COURT OF APPEALS DECISION DATED AND RELEASED November 20, 1996 |
NOTICE |
A party may file with the
Supreme Court a petition to review an adverse decision by the Court of
Appeals. See § 808.10 and
Rule 809.62, Stats. |
This opinion is subject to
further editing. If published, the
official version will appear in the bound volume of the Official Reports. |
Nos. 95-1030
95-2225
STATE
OF WISCONSIN IN COURT OF
APPEALS
DISTRICT II
In re the Marriage of:
NANETTE M. M.,
Joint-Petitioner-Respondent-Cross Appellant,
v.
GERALD J. M.,
Joint-Petitioner-Appellant-Cross Respondent.
APPEAL and CROSS-APPEAL
from orders of the circuit court for Ozaukee County: JOSEPH D. MC CORMACK, Judge.
Affirmed in part; reversed in part and cause remanded with directions.
Before Anderson, P.J.,
Brown and Nettesheim, JJ.
PER
CURIAM. Child custody, physical placement and child support
are at issue in this post-divorce appeal and cross-appeal. The father, Gerald J. M., is appealing
orders transferring custody of Lauren to her mother, Nanette M. M. and placing
Lauren at the Menninger Clinic. Gerald
is also appealing the order revising his child support obligation. On cross-appeal, Nanette is appealing an
order changing custody and physical placement of another child, Collin, and the
order assessing the cost of Lauren's first six weeks of treatment at the
Menninger Clinic to her.
Because the family court
utilized the incorrect legal standard when it changed custody of Lauren, we
reverse that order. We decline to
review the placement order because Lauren is no longer a patient at the
Clinic. Thus, that portion of the
appeal is moot. We conclude that the
court properly exercised its discretion when it revised Gerald's support
obligation and when it assessed the cost of Lauren's treatment at the Clinic to
Nanette. Lastly, we conclude that the
question of Collin's custody is not properly before this court.
LAUREN'S CUSTODY AND PLACEMENT AT MENNINGER
CLINIC
The judgment of divorce
between Gerald and Nanette was entered on September 11, 1991. The judgment provided for joint custody of
the couple's three children, Sean, Collin and Lauren. Physical placement of the children was with Nanette. Gerald moved to change placement on April
30, 1993. After several evidentiary
hearings, the court, on January 21, 1994, awarded sole custody of the boys to
Gerald and sole custody of Lauren to Nanette.

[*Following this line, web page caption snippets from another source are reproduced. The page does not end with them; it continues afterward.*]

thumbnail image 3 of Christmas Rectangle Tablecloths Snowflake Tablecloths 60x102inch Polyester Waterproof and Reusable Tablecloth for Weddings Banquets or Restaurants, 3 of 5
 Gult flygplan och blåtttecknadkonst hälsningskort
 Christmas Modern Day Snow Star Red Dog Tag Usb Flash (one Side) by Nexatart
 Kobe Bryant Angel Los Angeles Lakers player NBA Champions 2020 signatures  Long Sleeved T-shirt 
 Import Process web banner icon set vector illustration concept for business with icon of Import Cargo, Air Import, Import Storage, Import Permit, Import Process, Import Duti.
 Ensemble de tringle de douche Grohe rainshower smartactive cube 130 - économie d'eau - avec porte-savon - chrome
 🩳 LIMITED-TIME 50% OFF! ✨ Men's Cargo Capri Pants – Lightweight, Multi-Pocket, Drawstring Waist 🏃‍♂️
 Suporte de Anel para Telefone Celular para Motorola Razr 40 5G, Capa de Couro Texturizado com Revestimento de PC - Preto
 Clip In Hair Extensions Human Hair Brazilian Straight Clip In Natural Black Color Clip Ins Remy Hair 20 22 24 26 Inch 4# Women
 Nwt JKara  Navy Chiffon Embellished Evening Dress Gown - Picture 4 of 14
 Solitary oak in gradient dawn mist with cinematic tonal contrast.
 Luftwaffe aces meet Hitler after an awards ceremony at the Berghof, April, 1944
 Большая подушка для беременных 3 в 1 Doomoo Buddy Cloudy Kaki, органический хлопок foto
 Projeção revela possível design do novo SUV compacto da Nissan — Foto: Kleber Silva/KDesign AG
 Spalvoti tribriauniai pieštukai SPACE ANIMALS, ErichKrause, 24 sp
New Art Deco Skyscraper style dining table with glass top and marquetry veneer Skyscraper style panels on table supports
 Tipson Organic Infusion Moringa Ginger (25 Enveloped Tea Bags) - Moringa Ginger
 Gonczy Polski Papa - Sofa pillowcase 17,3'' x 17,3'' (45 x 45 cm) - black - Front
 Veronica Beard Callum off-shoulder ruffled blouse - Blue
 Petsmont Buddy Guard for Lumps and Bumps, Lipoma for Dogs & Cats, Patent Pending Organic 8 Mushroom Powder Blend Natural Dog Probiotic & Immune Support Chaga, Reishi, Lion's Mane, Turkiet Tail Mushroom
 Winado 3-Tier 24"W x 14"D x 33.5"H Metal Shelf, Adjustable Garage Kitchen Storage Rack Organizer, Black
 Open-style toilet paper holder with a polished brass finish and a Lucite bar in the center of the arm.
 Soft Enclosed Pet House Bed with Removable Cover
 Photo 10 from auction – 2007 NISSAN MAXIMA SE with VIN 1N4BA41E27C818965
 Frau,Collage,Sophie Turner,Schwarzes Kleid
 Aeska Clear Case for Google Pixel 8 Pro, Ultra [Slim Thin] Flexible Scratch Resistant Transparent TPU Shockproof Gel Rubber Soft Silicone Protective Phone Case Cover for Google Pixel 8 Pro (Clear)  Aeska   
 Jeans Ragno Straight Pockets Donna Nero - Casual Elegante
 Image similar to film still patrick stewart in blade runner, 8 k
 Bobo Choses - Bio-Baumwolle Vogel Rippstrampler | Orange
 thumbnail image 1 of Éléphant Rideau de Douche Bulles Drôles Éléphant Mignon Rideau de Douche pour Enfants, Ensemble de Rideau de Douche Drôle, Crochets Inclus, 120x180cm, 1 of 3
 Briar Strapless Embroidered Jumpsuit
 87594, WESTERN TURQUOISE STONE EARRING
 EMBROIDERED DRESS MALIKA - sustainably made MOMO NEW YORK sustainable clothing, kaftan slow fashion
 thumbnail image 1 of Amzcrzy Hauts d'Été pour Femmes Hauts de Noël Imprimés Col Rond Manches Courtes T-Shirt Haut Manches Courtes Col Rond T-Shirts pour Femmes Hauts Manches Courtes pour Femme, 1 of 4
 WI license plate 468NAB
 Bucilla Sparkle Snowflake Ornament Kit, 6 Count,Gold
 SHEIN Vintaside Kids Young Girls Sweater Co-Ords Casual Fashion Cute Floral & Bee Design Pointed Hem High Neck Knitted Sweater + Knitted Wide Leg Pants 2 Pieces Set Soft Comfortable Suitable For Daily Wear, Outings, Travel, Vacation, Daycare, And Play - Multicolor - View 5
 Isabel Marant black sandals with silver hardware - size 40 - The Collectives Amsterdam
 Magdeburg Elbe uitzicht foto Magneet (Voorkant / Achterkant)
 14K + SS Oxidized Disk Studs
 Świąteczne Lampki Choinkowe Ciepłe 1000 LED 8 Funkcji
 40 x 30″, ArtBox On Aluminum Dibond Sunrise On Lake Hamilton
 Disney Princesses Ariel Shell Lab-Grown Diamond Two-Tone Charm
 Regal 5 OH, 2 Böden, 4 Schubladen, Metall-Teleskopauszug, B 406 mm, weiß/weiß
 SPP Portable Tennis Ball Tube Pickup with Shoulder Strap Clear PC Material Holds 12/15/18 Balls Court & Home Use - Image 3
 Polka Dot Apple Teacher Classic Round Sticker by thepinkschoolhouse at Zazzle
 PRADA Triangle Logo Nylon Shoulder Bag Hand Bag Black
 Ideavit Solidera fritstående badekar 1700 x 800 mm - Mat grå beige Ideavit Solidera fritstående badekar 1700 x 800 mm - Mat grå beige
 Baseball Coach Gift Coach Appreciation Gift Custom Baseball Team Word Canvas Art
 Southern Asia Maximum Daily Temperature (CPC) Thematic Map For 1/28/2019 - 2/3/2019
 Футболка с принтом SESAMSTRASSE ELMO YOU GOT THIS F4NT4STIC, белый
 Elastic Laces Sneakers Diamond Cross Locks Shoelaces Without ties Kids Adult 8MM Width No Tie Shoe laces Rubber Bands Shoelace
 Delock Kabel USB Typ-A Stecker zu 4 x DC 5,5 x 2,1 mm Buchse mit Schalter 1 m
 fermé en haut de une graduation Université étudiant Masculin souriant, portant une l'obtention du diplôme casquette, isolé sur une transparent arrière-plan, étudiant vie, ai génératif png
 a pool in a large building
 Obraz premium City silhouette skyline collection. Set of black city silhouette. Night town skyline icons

The court did not address child support at that time.
When further proceedings
were held on the financial issues, difficulties with Gerald's visitation with
Lauren and her placement were presented to the court. The record shows that Lauren's emotional and mental health
deteriorated significantly during 1994.
Additional hearings pertinent to Lauren's placement and visitation were
held in June and July. At the close of
a two-day evidentiary hearing in late July, the court ordered that Lauren be
reexamined by Dr. Poznanski, a Chicago psychiatrist who had previously examined
her. That reexamination was scheduled
for September 9. However, on September
6, 1994, Lauren was admitted to the Menninger Clinic in Topeka, Kansas. Lauren's admission, arranged by Nanette,
occurred without notice to the court, her guardian ad litem, her treating
psychiatrist or Gerald.
Gerald then filed a
motion to change custody and placement of Lauren. Gerald's motion was filed on September 9, 1994 and was heard by
the court on September 16 and October 19.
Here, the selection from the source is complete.